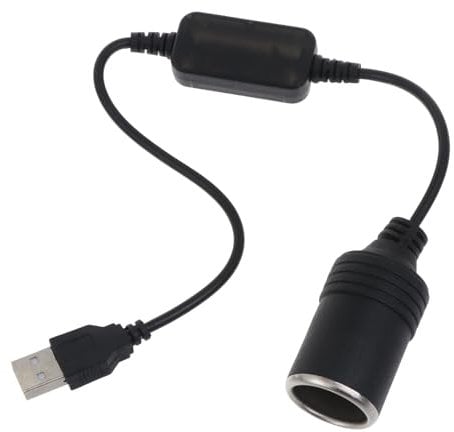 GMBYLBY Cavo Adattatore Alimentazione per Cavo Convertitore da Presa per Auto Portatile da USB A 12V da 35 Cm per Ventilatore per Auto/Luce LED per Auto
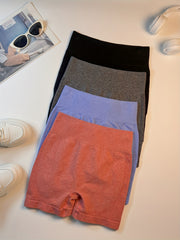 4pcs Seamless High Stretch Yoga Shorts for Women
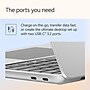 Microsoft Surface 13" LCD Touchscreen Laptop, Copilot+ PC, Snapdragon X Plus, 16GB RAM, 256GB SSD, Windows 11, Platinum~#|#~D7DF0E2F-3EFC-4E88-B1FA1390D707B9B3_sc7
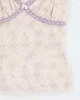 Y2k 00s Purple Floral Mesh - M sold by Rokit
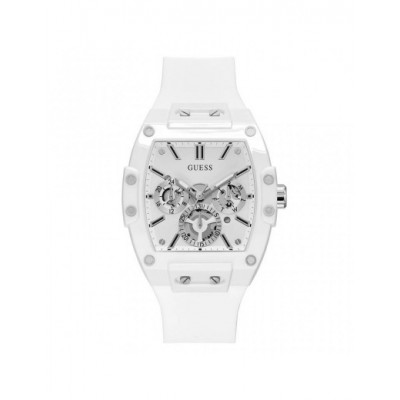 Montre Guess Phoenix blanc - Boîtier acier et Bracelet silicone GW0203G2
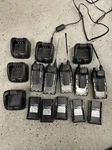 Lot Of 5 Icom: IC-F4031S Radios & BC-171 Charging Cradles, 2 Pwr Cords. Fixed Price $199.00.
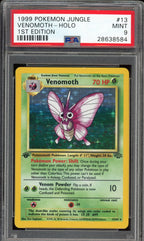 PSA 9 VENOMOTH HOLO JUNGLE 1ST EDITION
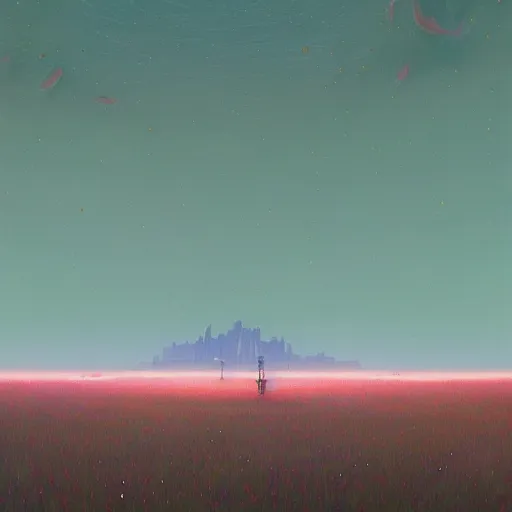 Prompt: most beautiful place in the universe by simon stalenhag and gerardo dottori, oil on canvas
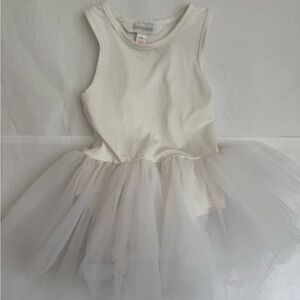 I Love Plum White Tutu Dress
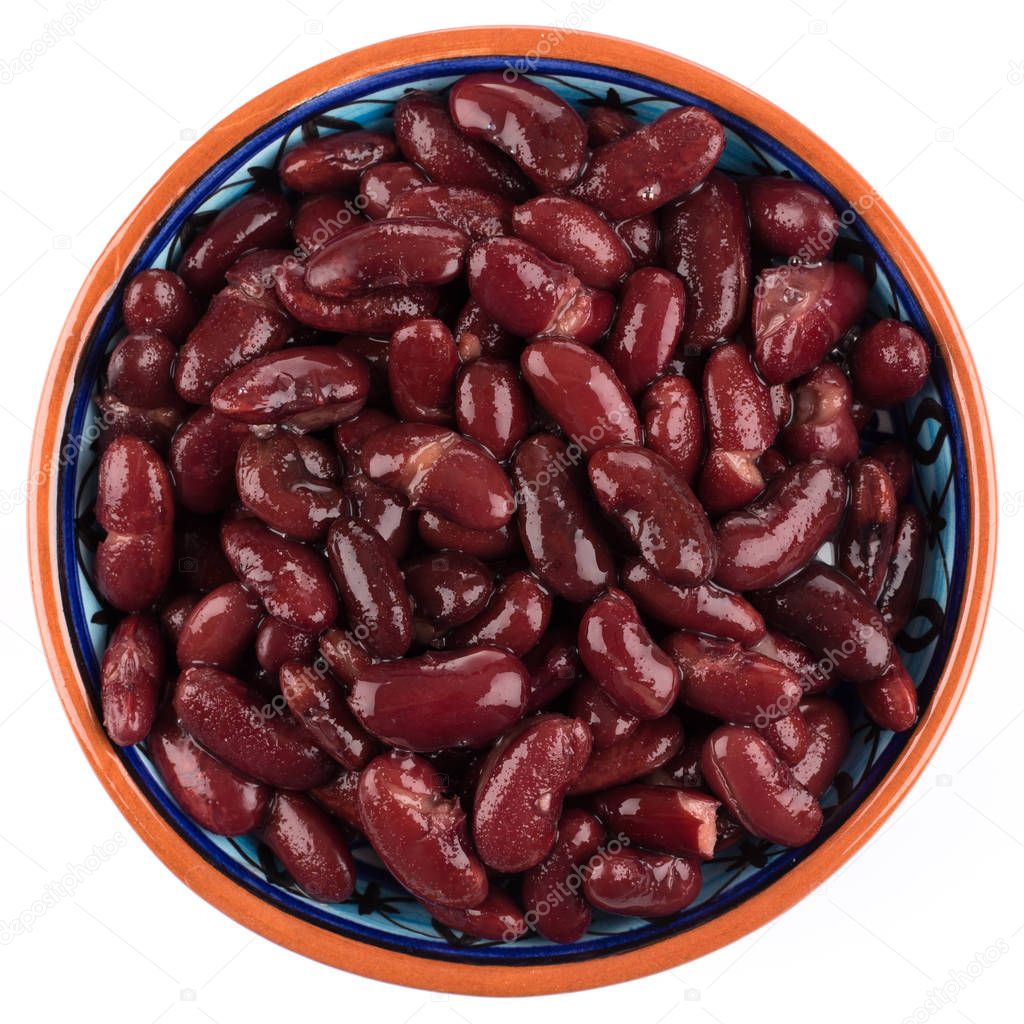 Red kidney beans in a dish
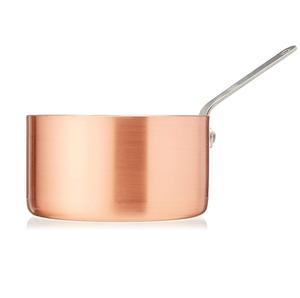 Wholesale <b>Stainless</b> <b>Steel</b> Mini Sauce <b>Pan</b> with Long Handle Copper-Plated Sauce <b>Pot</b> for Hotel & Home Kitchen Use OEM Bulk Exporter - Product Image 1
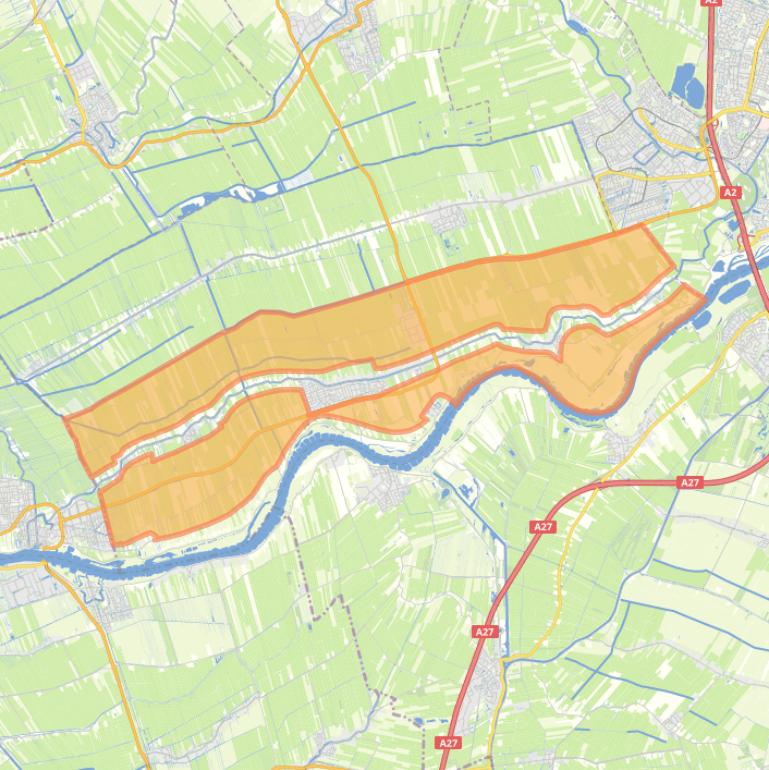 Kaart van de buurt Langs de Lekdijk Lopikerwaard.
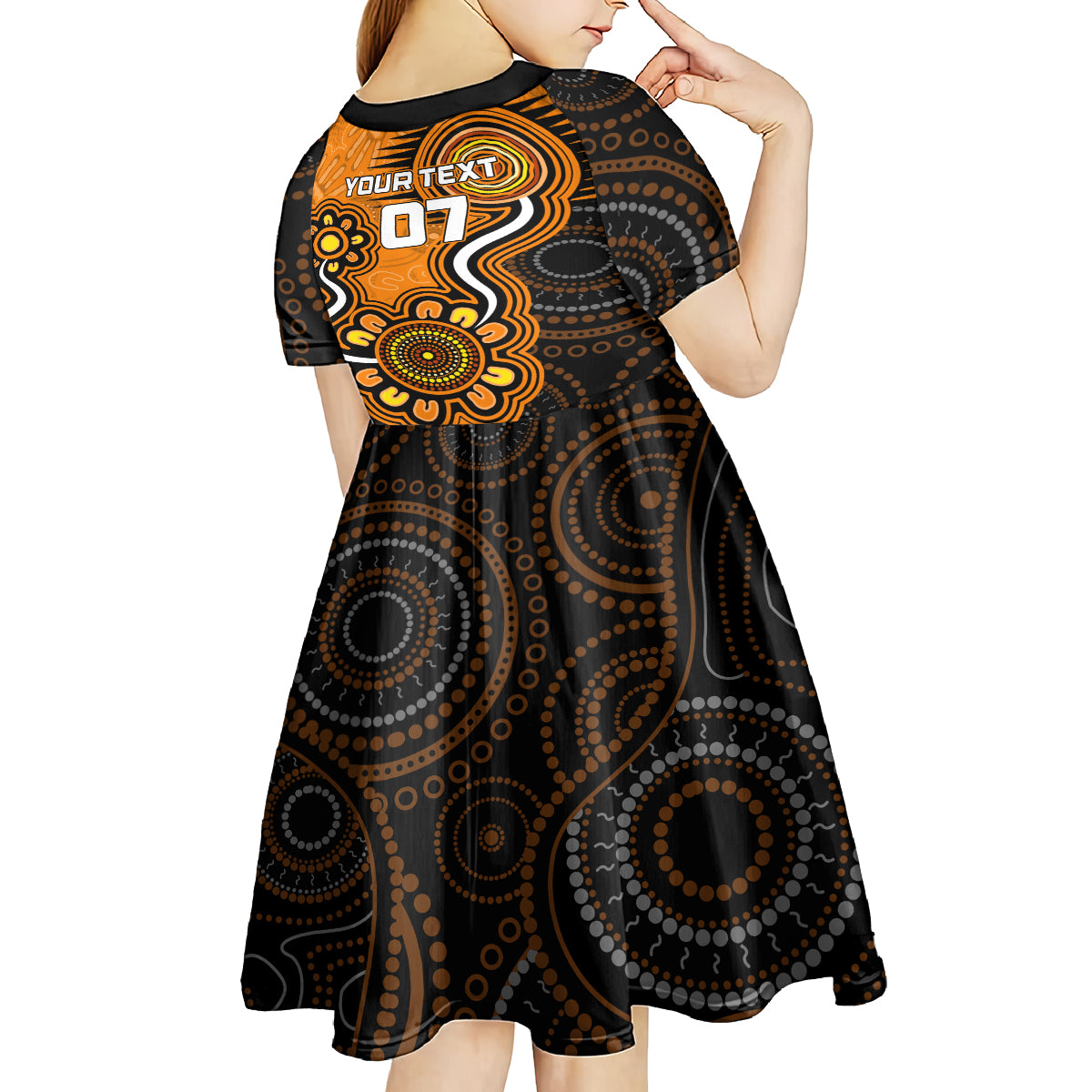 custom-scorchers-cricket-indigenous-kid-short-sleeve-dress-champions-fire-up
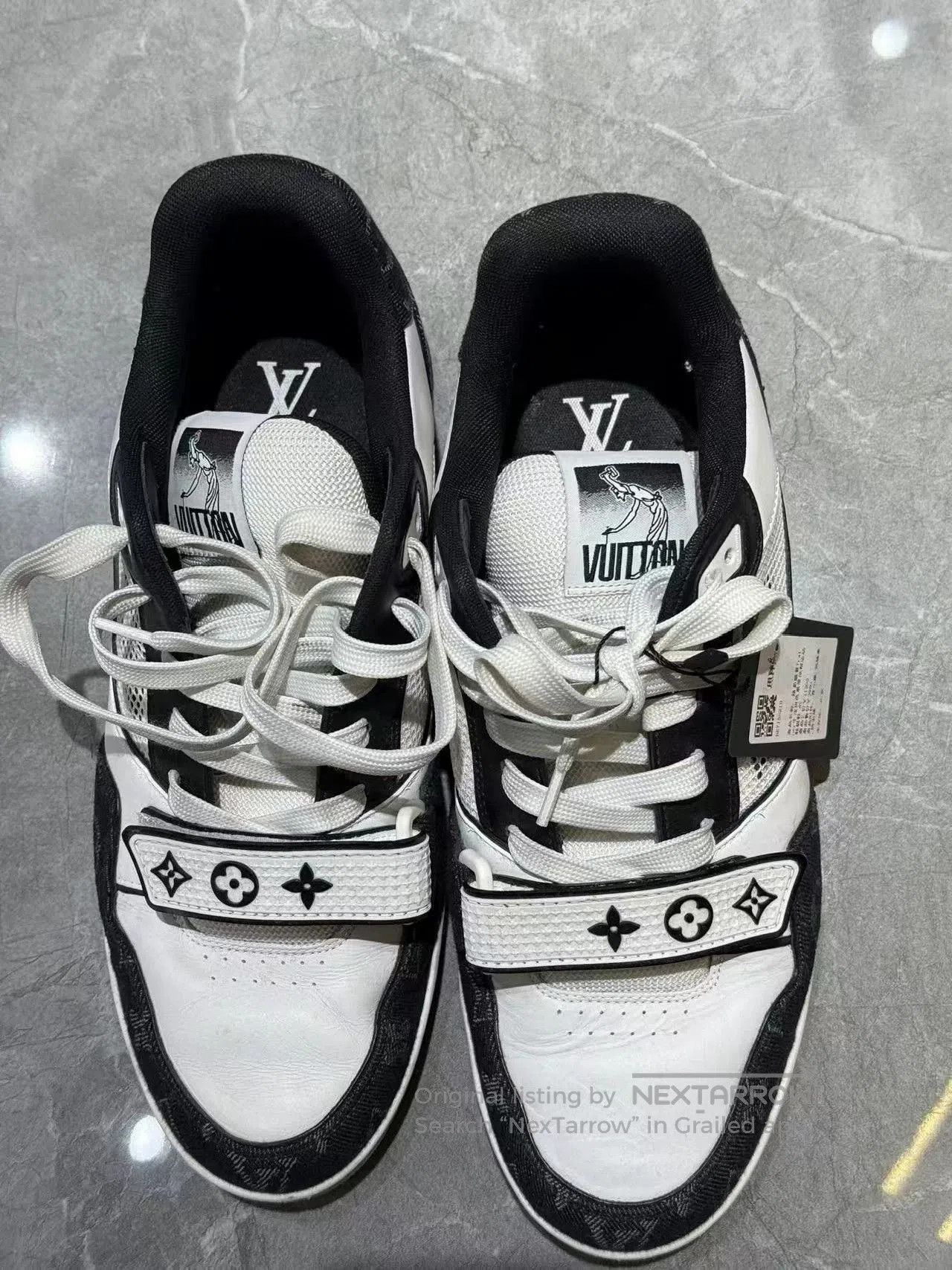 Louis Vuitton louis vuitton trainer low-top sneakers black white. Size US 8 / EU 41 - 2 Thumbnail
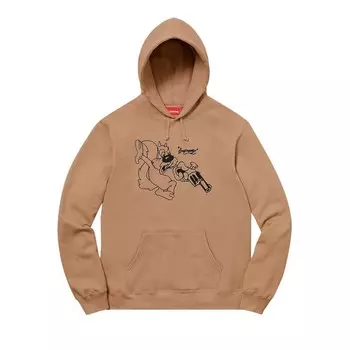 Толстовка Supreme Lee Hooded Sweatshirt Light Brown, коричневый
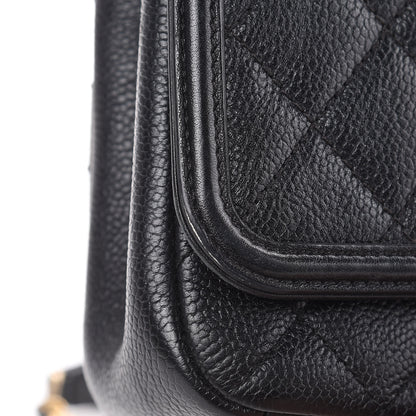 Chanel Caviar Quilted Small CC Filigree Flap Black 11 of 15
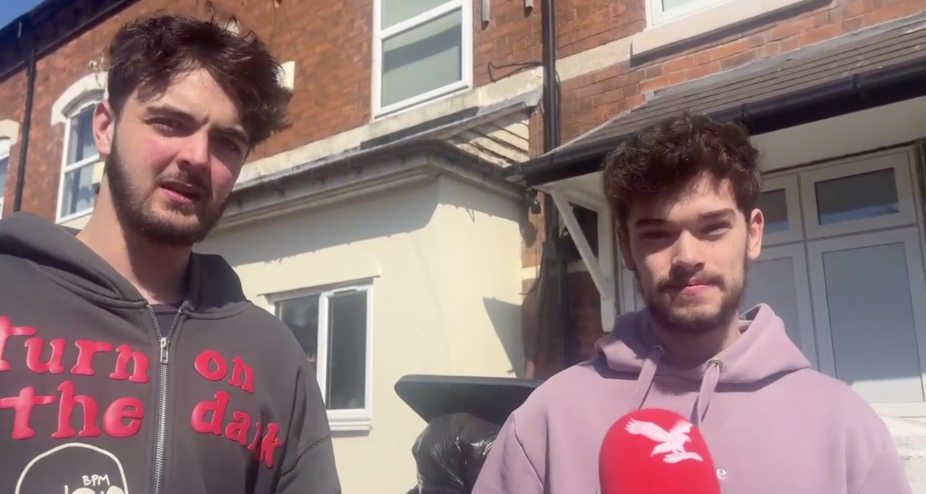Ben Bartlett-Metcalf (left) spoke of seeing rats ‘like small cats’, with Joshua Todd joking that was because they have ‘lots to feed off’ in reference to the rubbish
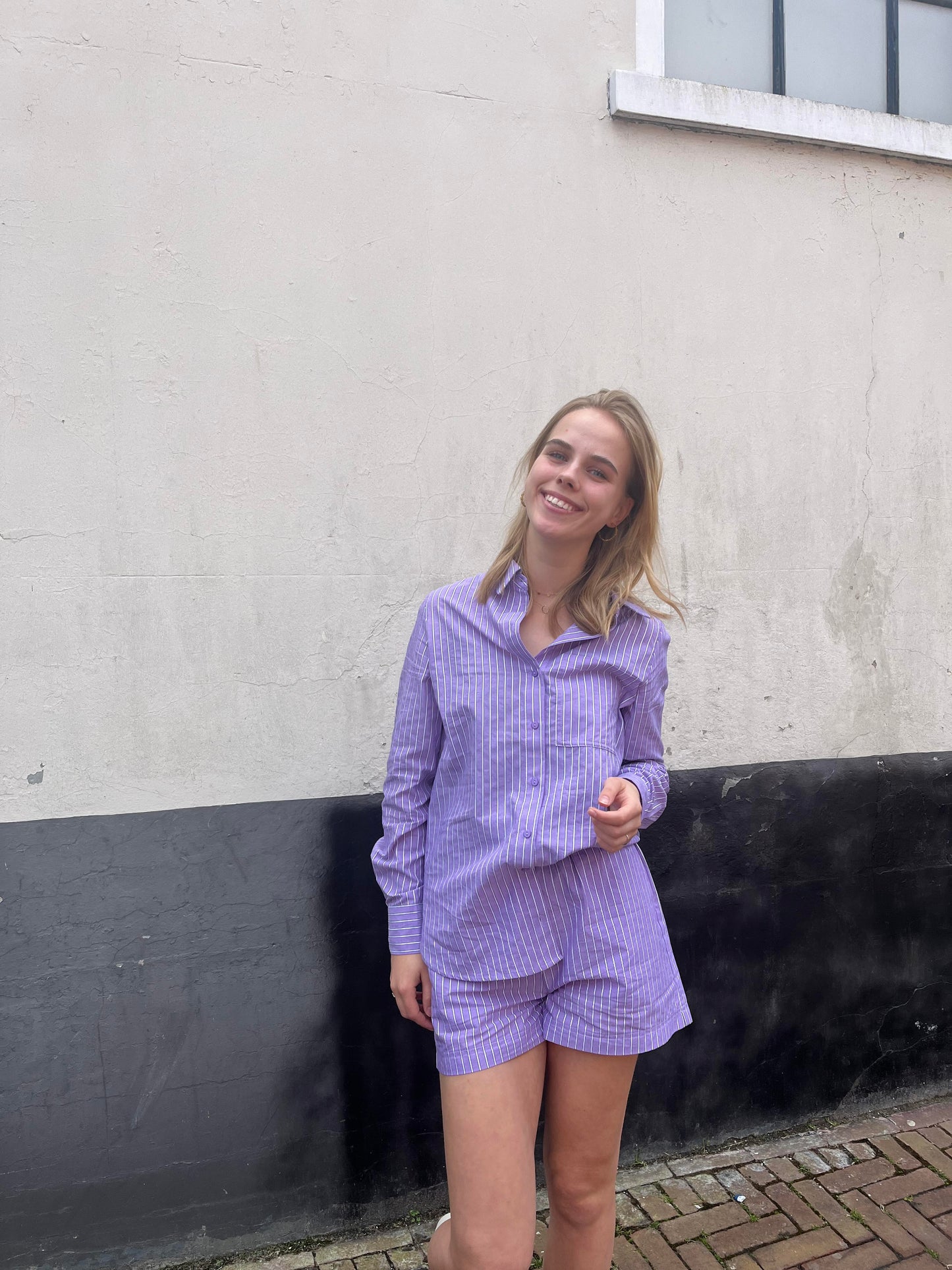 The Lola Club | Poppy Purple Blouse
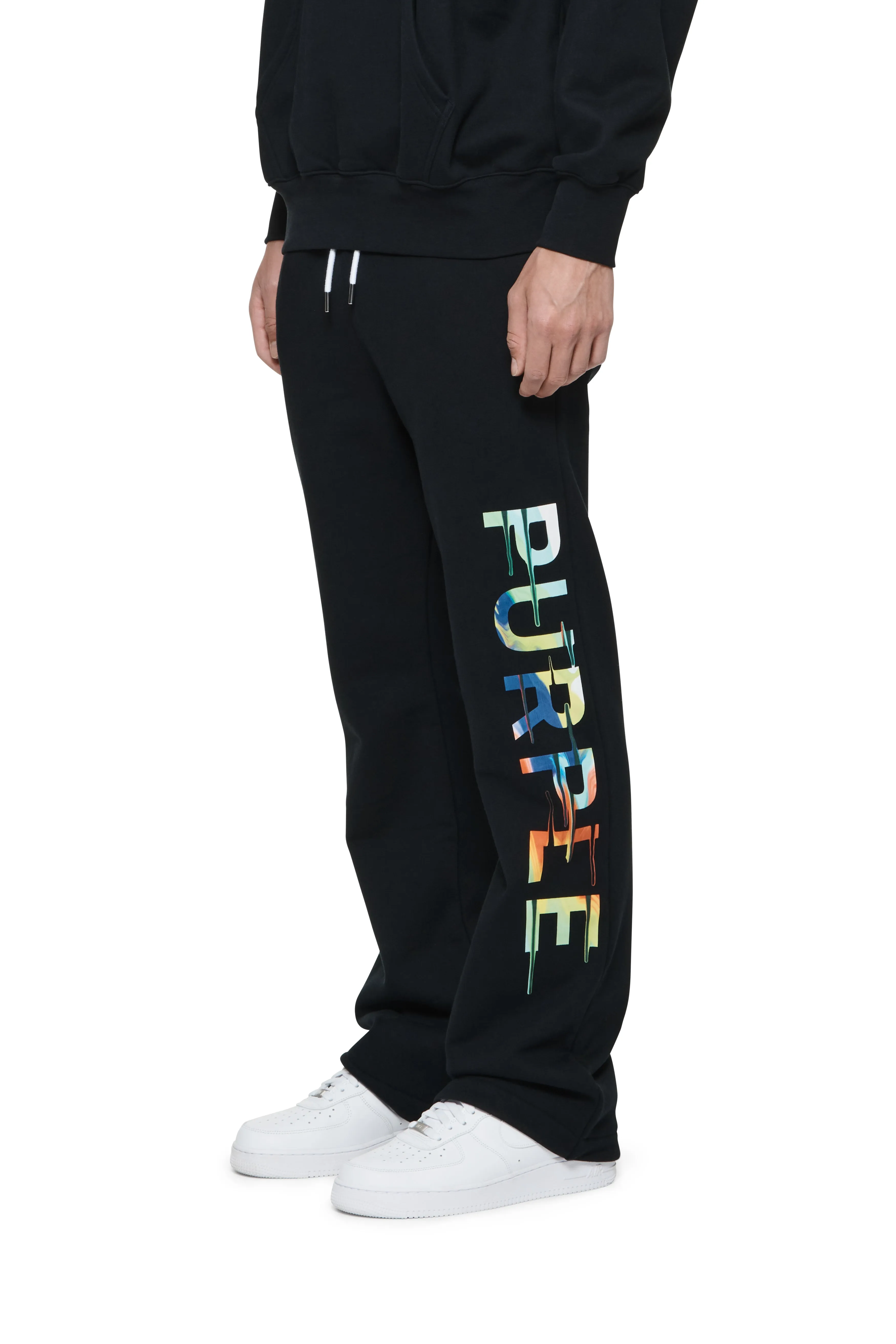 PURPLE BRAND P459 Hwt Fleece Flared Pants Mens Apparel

▶ [Your assignment] Return all of the material above unchanged, minus its pictures.

▶ [Response for this exercise]
 GMBYLBY Cavo Adattatore Alimentazione per Cavo Convertitore da Presa per Auto Portatile da USB A 12V da 35 Cm per Ventilatore per Auto/Luce LED per Auto
 4pcs Seamless High Stretch Yoga Shorts for Women
 Microsoft Surface 13" LCD Touchscreen Laptop, Copilot+ PC, Snapdragon X Plus, 16GB RAM, 256GB SSD, Windows 11, Platinum~#|#~D7DF0E2F-3EFC-4E88-B1FA1390D707B9B3_sc7
 Y2k 00s Purple Floral Mesh - M sold by Rokit
 Montre Guess Phoenix blanc - Boîtier acier et Bracelet silicone GW0203G2
 Lot Of 5 Icom: IC-F4031S Radios & BC-171 Charging Cradles, 2 Pwr Cords. Fixed Price $199.00.
 PSA 9 VENOMOTH HOLO JUNGLE 1ST EDITION
 Prompt: most beautiful place in the universe by simon stalenhag and gerardo dottori, oil on canvas
 I Love Plum White Tutu Dress
 Red kidney beans in a dish
 Wholesale <b>Stainless</b> <b>Steel</b> Mini Sauce <b>Pan</b> with Long Handle Copper-Plated Sauce <b>Pot</b> for Hotel & Home Kitchen Use OEM Bulk Exporter - Product Image 1
 Kaart van de buurt Langs de Lekdijk Lopikerwaard.
 custom-scorchers-cricket-indigenous-kid-short-sleeve-dress-champions-fire-up
 Louis Vuitton louis vuitton trainer low-top sneakers black white. Size US 8 / EU 41 - 2 Thumbnail
 Толстовка Supreme Lee Hooded Sweatshirt Light Brown, коричневый
 Chanel Caviar Quilted Small CC Filigree Flap Black 11 of 15
Ben Bartlett-Metcalf (left) spoke of seeing rats ‘like small cats’, with Joshua Todd joking that was because they have ‘lots to feed off’ in reference to the rubbish
 The Lola Club | Poppy Purple Blouse
 PURPLE BRAND P459 Hwt Fleece Flared Pants Mens Apparel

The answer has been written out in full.